O Brasil exportou 992.697,1 toneladas de milho não moído (exceto milho doce) nos primeiros 10 dias úteis de fevereiro de 2026, conforme relatório parcial divulgado pela Secretaria de Comércio Exterior (Secex). Esse volume já representa 69,93% das 1,419 milhão de toneladas embarcadas em todo o mês de fevereiro de 2025, indicando um ritmo de exportação acelerado no início do mês.

O desempenho sugere que os exportadores brasileiros estão adiantando os embarques, possivelmente puxados pela demanda internacional e pela disponibilidade de grãos nos portos.

Média diária de embarques sinaliza alta forte

Nos primeiros 10 dias úteis de fevereiro/26, a média diária de milho exportado foi de 99,27 mil toneladas, um crescimento de 39,9% em comparação com a média de 70,97 mil toneladas por dia útil observada em fevereiro de 2025.

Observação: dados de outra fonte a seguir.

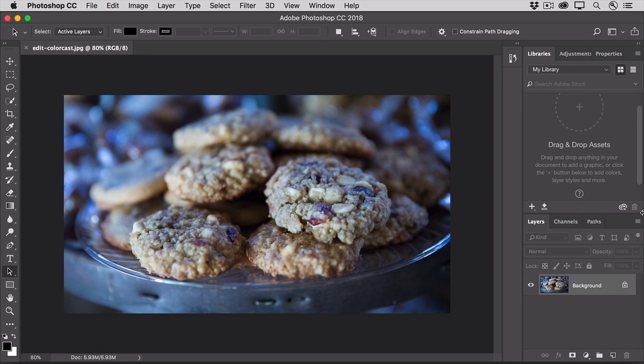Now sometimes you might like that effect, but when the subject is something like food, it can look unappealing. So let me show you a quick method to neutralize a color cast that you don't want.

Esse resultado revela um ritmo mais intenso de saída de grãos, contribuindo para a expectativa de volumes totais mais elevados ao longo do mês.

Receita de exportação cresce, mas ainda abaixo de fevereiro/25

Apesar do forte ritmo de embarques, a receita acumulada até aqui em fevereiro de 2026 foi de US$ 222,337 milhões, abaixo dos US$ 321,944 milhões arrecadados ao longo de todo o mês de fevereiro de 2025.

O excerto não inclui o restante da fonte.